A donzela em perigo, Lucy Gray Baird (Rachel Zegler), tem bons momentos, mas não é aprofundada. Assim como a Virgília de SHakespeare, ela tenta trazer um senso de humanidade ao seu amado, porém o que dá brilho a Zegler não é propriamente a personagem, cuja autonomia é reduzida, mas os momentos em que canta. Com sua primeira aparição, ela rejeita um maniqueísmo, depois, todavia, faz o mesmo que Sejanus (Josh Andrés Rivera): interage com o protagonista para impulsioná-lo de alguma forma e reforça que o mundo se divide entre bons e maus. No segundo grupo estão a dra. Volumnia Gaul (Viola Davis, em um papel pouco desafiador) e o reitor Highbottom (Peter Dinklage, ainda mais unidimensional). Aquela tem boa caracterização (o vermelho vivo das luvas de látex e da roupa degradê, a ausência de sobrancelhas…), apenas, este é um vilão simplório.

Na parte estética, o diretor Francis Lawrence, já bem habituado à franquia, mantém a coerência, como ao repetir canções e o lado gráfico da pomposa capital, apimentada por vermelho vivo (os uniformes dos estudantes, a bandeira sobre os corpos), e do pobre e cinzento (os uniformes dos pacificadores, os prédios) Distrito 12. Ignorando que o cineasta não resistiu a easter eggs dispensáveis, seu modo de filmar é competente, com establishing shots adequados para apresentar Panem e spinning shots em cenários similares ao Panóptico de Bentham, cujo simbolismo dispensa digressões. O romance de Coryo e Lucy Gray é abordado com delicadeza, com uma cena idílica (a da árvore) muito bonita. Tais características quase ofuscam o CGI pobre (que cobras são aquelas!?), o chroma key que deixa a desejar quando a câmera se movimenta e a violência sem uma gota de sangue.

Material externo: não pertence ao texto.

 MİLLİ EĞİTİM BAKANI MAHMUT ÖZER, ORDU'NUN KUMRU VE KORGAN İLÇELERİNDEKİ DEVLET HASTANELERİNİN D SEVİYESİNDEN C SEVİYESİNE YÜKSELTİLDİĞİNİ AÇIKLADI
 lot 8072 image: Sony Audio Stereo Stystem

É importante que não tenha ficado de fora a ideia de naturalização e, mais ainda, espetacularização da barbárie. Torna-se relevante, assim, o dizer “aproveitem o show” ao adentrar no “picadeiro”. Ao contrário do que se espera, os Jogos não são o mainstream de outrora, o que traduz a noção de que até mesmo o desumano entedia. As pessoas da capital se consideram civilizadas e, portanto, acima daquelas dos distritos, mesmo que para isso precisem mentir às custas de outrem, como faz Clemensia (Ashley Liao). O filme erra, porém, ao pouco expor os distritos. A primeira parte é a melhor porque explora um dos lados, a segunda é superficial ao apresentar o outro. A terceira, por sua vez, é um alongamento de uma narrativa mal pensada, criando novos conflitos e situações que não são boas surpresas. O resultado é um filme muito mais longo do que o necessário e que não provoca grandes sentimentos a respeito do protagonista que almeja detalhar. Porém, cumpre outra função, dissimulada: dar à fanbase mais minutos em Panem.